At Jalalabad, during the Afghan War in 1841, with possible disaster impending, Havelock was asked by his former Commanding Officer to take the morning service. Captain Thomas Seaton wrote of his experience that day:
‘Everyone came as usual, with sword and pistol or musket and bayonet, and sixty rounds in pouch ready at a moment’s notice to march to battle. To me it was an affecting sight to see those great rough fellows of the 13th, with their heads bowed, humbly confessing their sins before God, and acknowledging their dependence on his goodness and mercy’.
Hope in God
In his clear, rather abrupt voice, Havelock read Psalm 46: ‘God is our hope and strength, a very present help in trouble. Therefore will we not fear … The Lord of hosts is with us: the God of Jacob is our refuge. Be still then and know that I am God: I will be exalted among the heathen, and I will be exalted in the earth.’
Eleven weeks later the Afghan army was routed and Havelock recorded: ‘I felt that the Lord Jesus was at my side’. To the end of his life he observed the anniversary of this ‘crowning mercy’.
Another who made Havelock’s acquaintance at this time was Henry Lawrence, later Resident in Lucknow. They shared a common faith in Christ. Lawrence wrote:
‘I went to Havelock’s chapel yesterday evening. He had about forty soldiers and ten or twelve officers. He prayed extemporarily, read a few verses, sang two hymns, and read a sermon on faith, hope and charity … I went home with him to his tent, and sat for a couple of hours … He reads and prays much as if on parade, but he is a good man and a good soldier. I have never heard either doubted’.
Fifteen years later, now aged 51 and with 22 battles behind him, Havelock was appointed Deputy Adjutant General in Bombay. Previously, his name had been deliberately suppressed in promotion lists, until Lord Hardinge, the Governor General, intervened with the Duke of Wellington.
It may have been then that Hardinge, waving goodbye to the little grey-haired colonel, uttered his famous phrase: ‘Every inch a soldier, and every inch a Christian’. Later Hardinge was to say to Hannah:
‘If there is an officer of the Army who on his own account could dispense with the glory of seeking further opportunities of making you a widow, your husband is the man — for he has done more, seen more and been shot at more than any man of his rank’.
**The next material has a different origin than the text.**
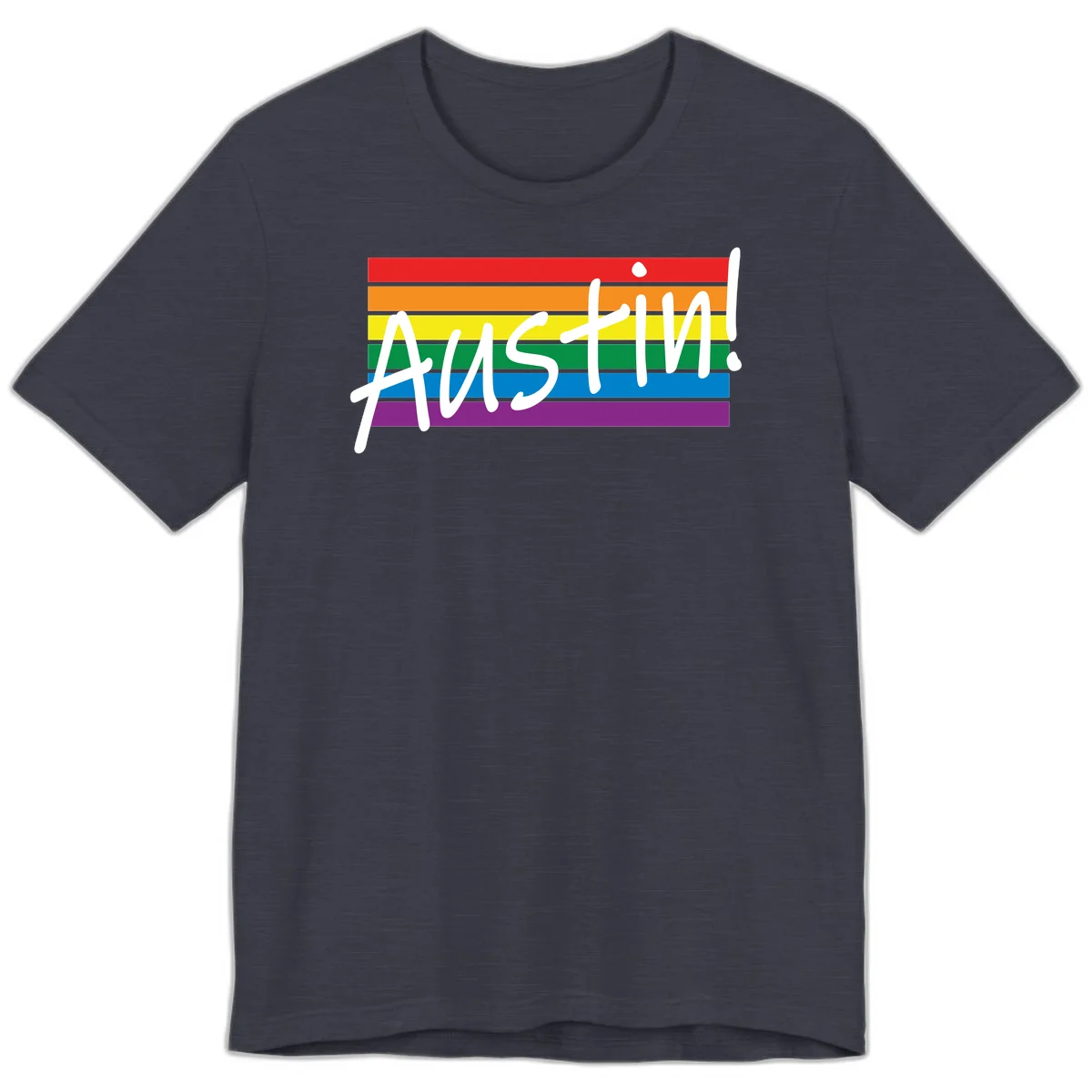 Austin pride rainbow flag design with white handwritten text overlaid on six horizontal rainbow stripes in Heather Midnight Navy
Not least of Havelock’s worries at this time was the extravagant conduct of his rebellious and unregenerate son. This may well have contributed to his breakdown in health, which necessitated his return to England in 1849 after twenty-six years of continuous service in India.
He was apparently a broken and feeble old man. But two years later, his health wonderfully recovered, and encouraged by his second son’s conversion, Havelock was able to return to India.
For family and financial reasons, Hannah was unable to accompany him. Professionally, he could see nothing ahead but a few more years of dull, routine service before retirement. He would have been amazed to know that in less than six years he would be world-famous. God was about to match the moment with his man, for ‘God was with him’.